Gold has been falling over the past year as the dollar climbed and as the Federal Reserve is poised to keep raising U.S. interest rates in 2016, cutting the appeal of bullion as a store of value. More than $10 billion was wiped from the value of exchange-traded products backed by the metal in 2015. Hedge funds aren’t the only bears. Banks including Goldman Sachs Group Inc. and Societe Generale SA are also forecasting more declines.
“Gold falling had everything to do with the Fed and the strong dollar,” said Jeffrey Sica, who oversees $1.5 billion as the president of Circle Squared Alternative Investments in Morristown, New Jersey. “If the momentum turns downward, you’ll see a heck of a lot of downward pressure on any asset, so that’s why gold became a favored asset of the short sellers.”
Prices are down 0.7 percent over the past month to $1,076.60 an ounce on the Comex in New York. The net-short position in gold futures and options increased to 24,263 contracts in the week ended Dec. 29, according to U.S. Commodity Futures Trading Commission data released Monday. That’s the most since the data begins in 2006. The figures were delayed because of the New Year holiday.
Fed policy makers in December raised the benchmark rate for the first time in almost a decade. The move had been well telegraphed, and investors were dumping the metal all year in anticipation. Assets in ETPs, which are backed by physical gold and track the price of the metal, declined about 8.5 percent in 2015 and reached a six-year low.
Traders are now focusing on the pace of further U.S. rate increases. While HSBC Holdings Plc predicts just two moves next year, Goldman is among banks that see four. Bullion will drop to $950 by the end of 2016, according to Barnabas Gan, an economist at Oversea-Chinese Banking Corp. who’s the top-ranked precious-metals forecaster.
“There is some fear that there will be further rate-hike moves,” said Uri Landesman, who helps oversee $1.35 billion in assets as the president of New York-based Platinum Partners LLP. “There just wasn’t an appetite for the metal, and I think the gold bugs were completely full and nobody else is interested.”
The first trading day of 2016 brought some good news for gold supporters, as rising tension between Saudi Arabia and Iran boosted gold’s appeal as a haven.
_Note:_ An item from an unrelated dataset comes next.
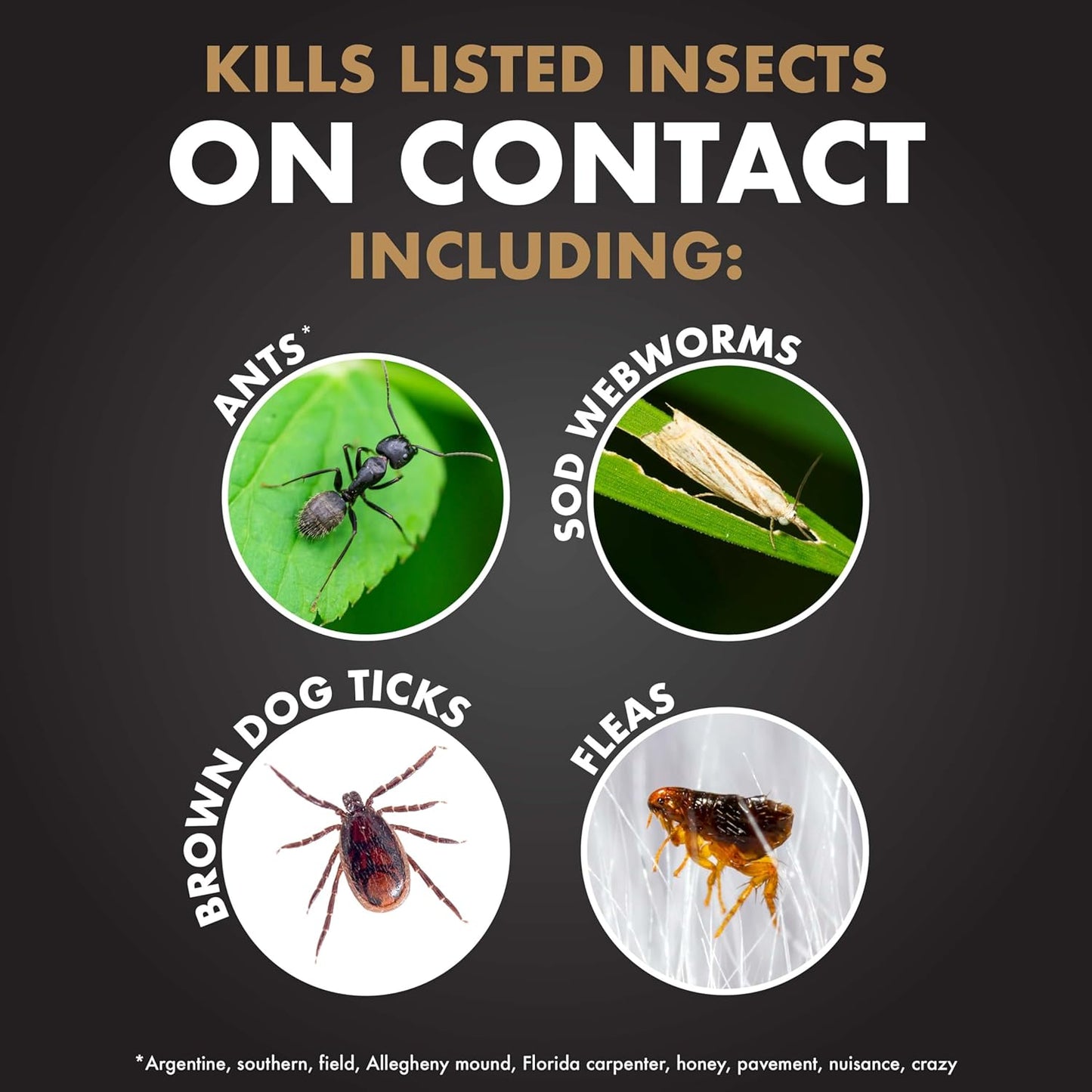Spectracide Immunox Fungus Plus Insect Control - Dual Action Hose-End Concentrate, 32 Oz, 6 Pack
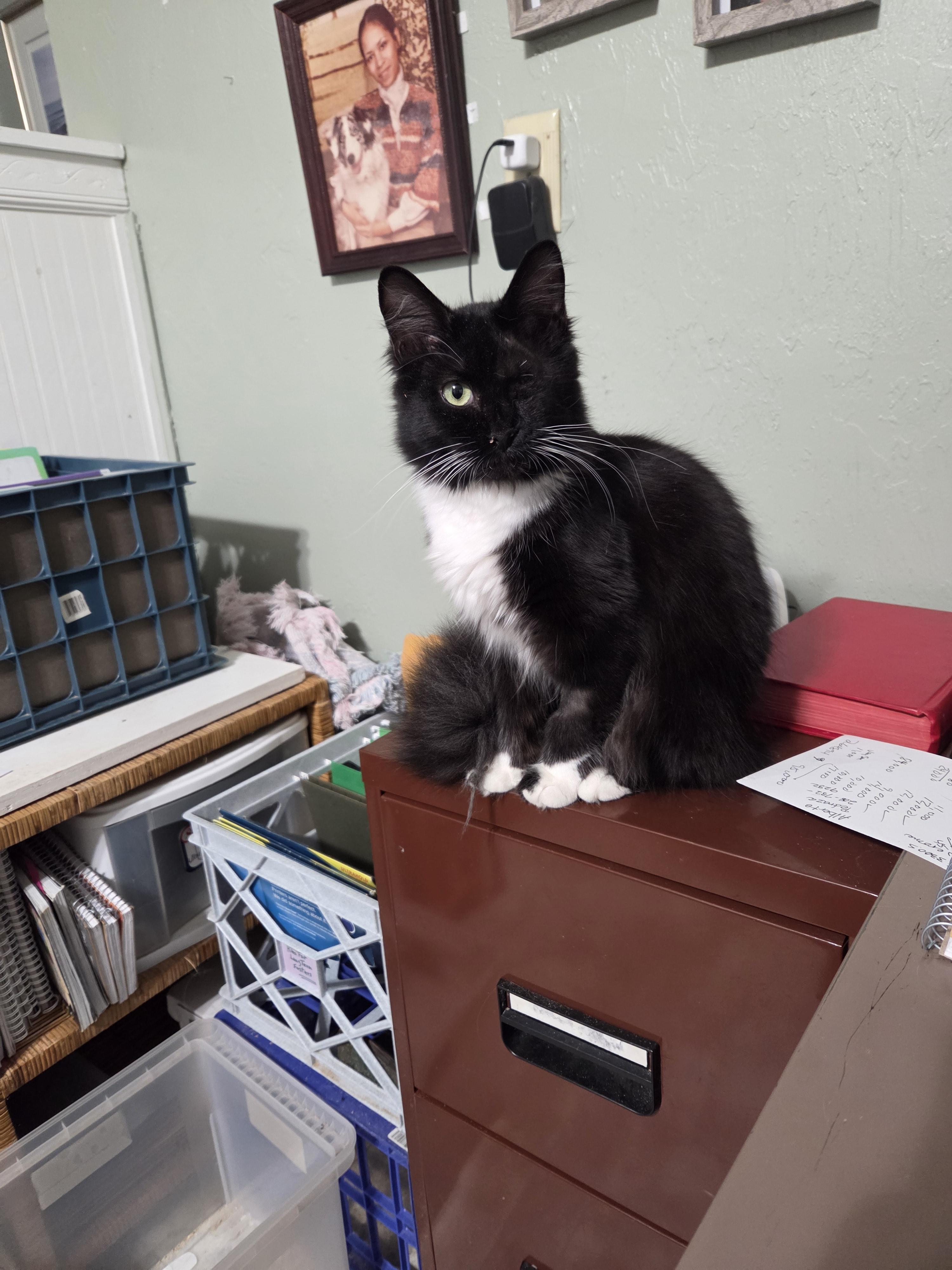 Enlarge Oreo Lynn, a Adoptable mixed breed in Buhl, ID image 4/6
Futures climbed 1.4 percent, the most in two weeks.
Bullion, long considered a haven during times of geopolitical turmoil, failed to sustain brief gains following the Nov. 13 terrorist attacks in Paris. Even as events such as the Greek bailout negotiations in July and the downing of a Malaysian passenger jet over Ukraine in 2014 spurred earlier bouts of buying, investors have mainly shunned the metal since it entered a bear market in 2013.
“Fundamentally speaking there was a bit of a flight to safety with the Saudi Arabia and Iran unrest,” said Maria Smirnova, a Toronto-based portfolio manager at Sprott Asset Management, which oversees C$7.4 billion ($5.3 billion). “But outside of that, to be honest, the macro factors are against gold. The dollar is strong, real rates are going up, inflation expectations are very weak. So, those are all negative for gold.”